To ask the Secretary of State for Levelling Up, Housing and Communities, with reference to his Department's press release entitled Leasehold reforms give more rights and protections to homeowners, published on 27 November 2023, when he plans to bring forward legislative measures to amend the Building Safety Act 2022 to make it easier to ensure that those who caused building-safety defects in enfranchised buildings are made to pay.

Photo of Lee Rowley Lee Rowley Minister of State (Minister for Housing)

Under Part 5 of the Building Safety Act 2022 leaseholders in enfranchised buildings, either individually or collectively, can pursue developers – and their associated companies – via a remediation contribution order, for funds they have spent or will spend remediating their buildings for relevant defects.

We are building on the legislation brought forward by the Act. The Government has tabled several amendments for the Leasehold and Freehold Reform Bill to clarify and extend the protections in some specific areas.
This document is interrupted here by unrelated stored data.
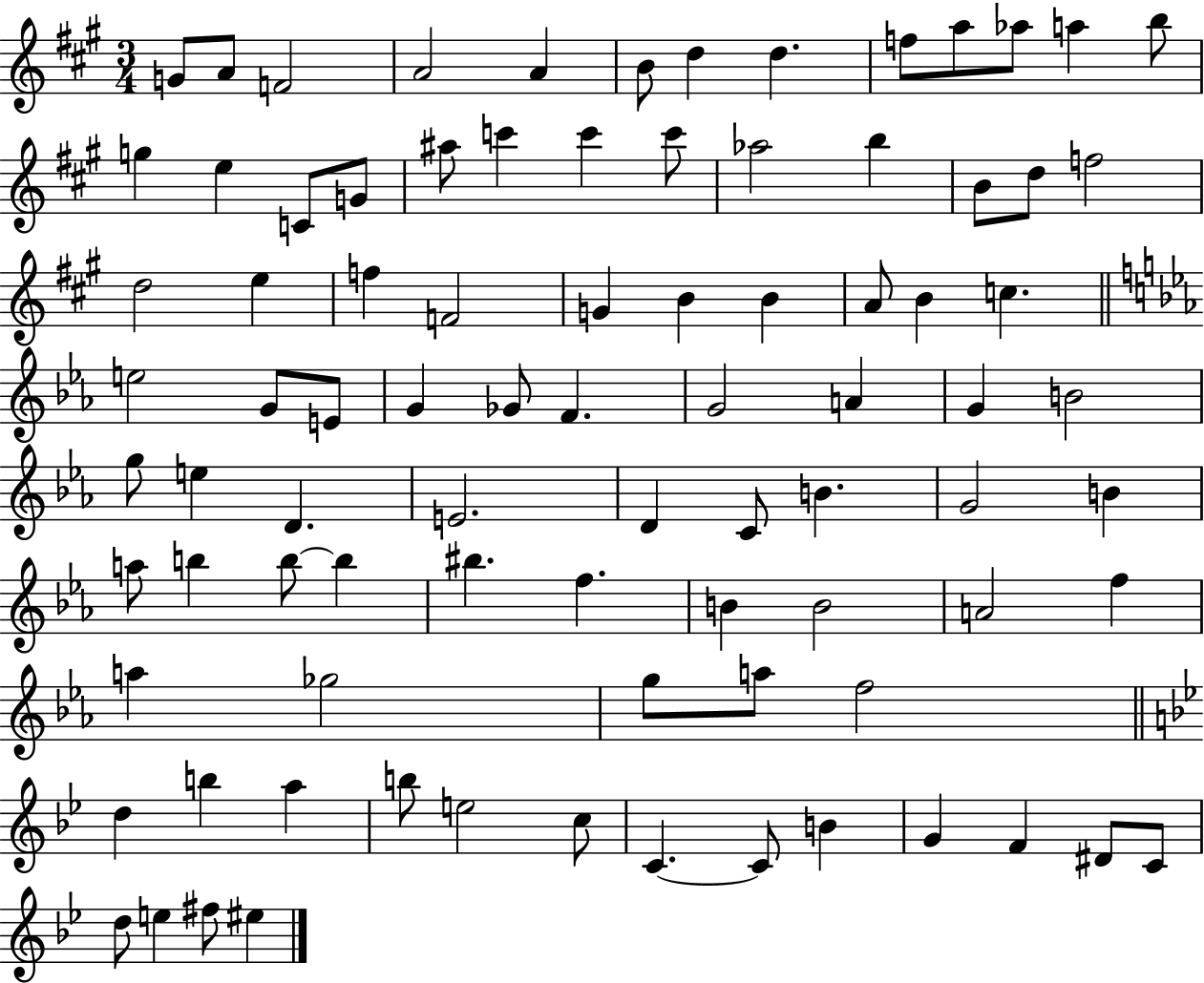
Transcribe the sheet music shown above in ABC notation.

X:1
T:Untitled
M:3/4
L:1/4
K:A
G/2 A/2 F2 A2 A B/2 d d f/2 a/2 _a/2 a b/2 g e C/2 G/2 ^a/2 c' c' c'/2 _a2 b B/2 d/2 f2 d2 e f F2 G B B A/2 B c e2 G/2 E/2 G _G/2 F G2 A G B2 g/2 e D E2 D C/2 B G2 B a/2 b b/2 b ^b f B B2 A2 f a _g2 g/2 a/2 f2 d b a b/2 e2 c/2 C C/2 B G F ^D/2 C/2 d/2 e ^f/2 ^e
These amendments will further prevent freeholders and developers from escaping their liabilities to fund building remediation work – protecting leaseholders by allowing the Building Safety Act 2022 to operate as intended, as well as adding further protections in some specific scenarios.

For example, we have made clear that a remediation contribution order can, among other things, order the landlord or developer to make payments for the costs of:

  • steps which reduce the risk of a relevant defect;
  • obtaining an expert report; and,
  • temporary alternative accommodation and associated costs in connection with a decant from a building in connection with a relevant defect.